*** Supplied records ***

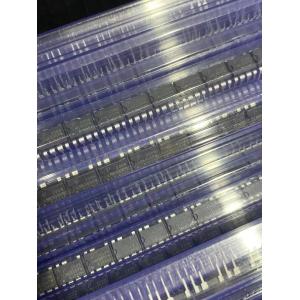 IC W25Q64FWSSIG SOP8 Interface - serializer, solution series New original Not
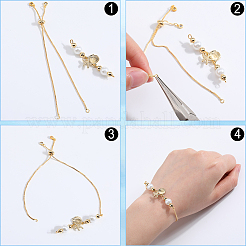 12 шт.&nbsp;KK-SP0001-80G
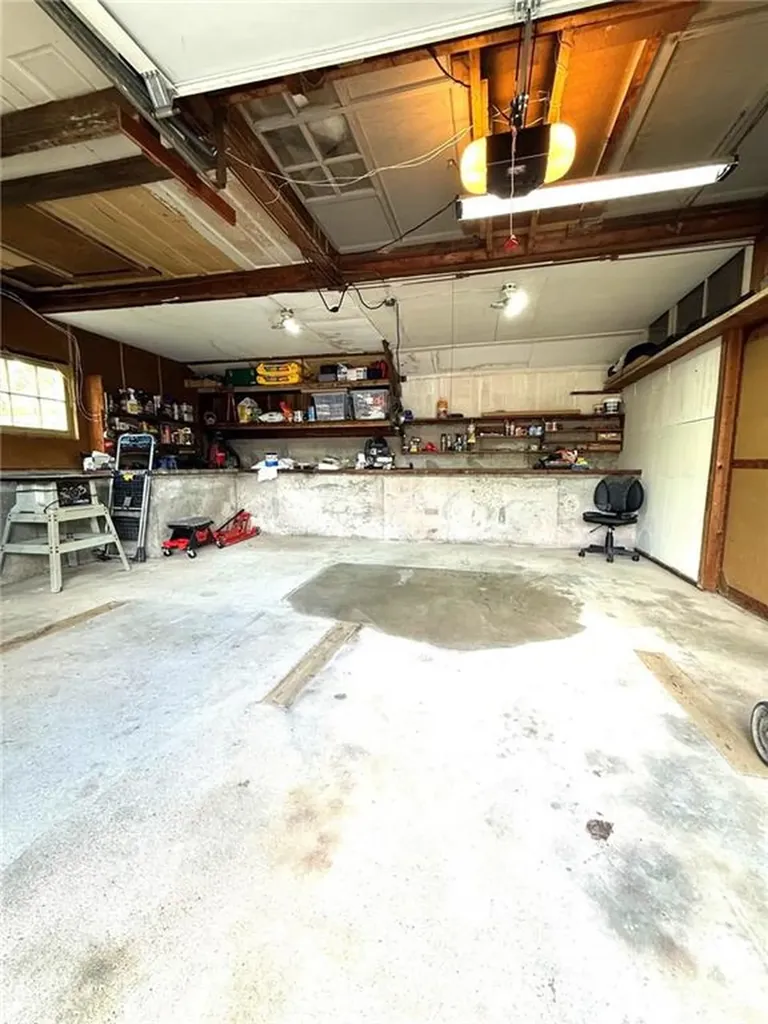183 Linden Avenue Woonsocket RI 02895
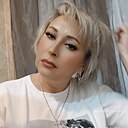 Ольга, 57 лет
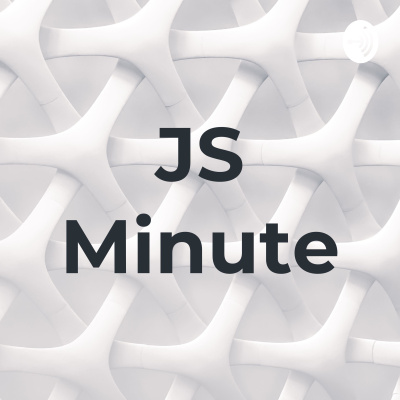 Js Minute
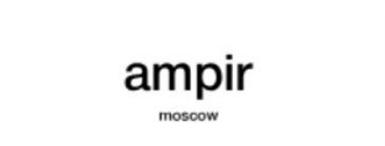 Ampir Moscow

*** End of Supplied records ***

Your task is to copy the entries in full and exactly, without any images.

 IC W25Q64FWSSIG SOP8 Interface - serializer, solution series New original Not
 12 шт.&nbsp;KK-SP0001-80G
183 Linden Avenue Woonsocket RI 02895
 Ольга, 57 лет
 Js Minute
 Ampir Moscow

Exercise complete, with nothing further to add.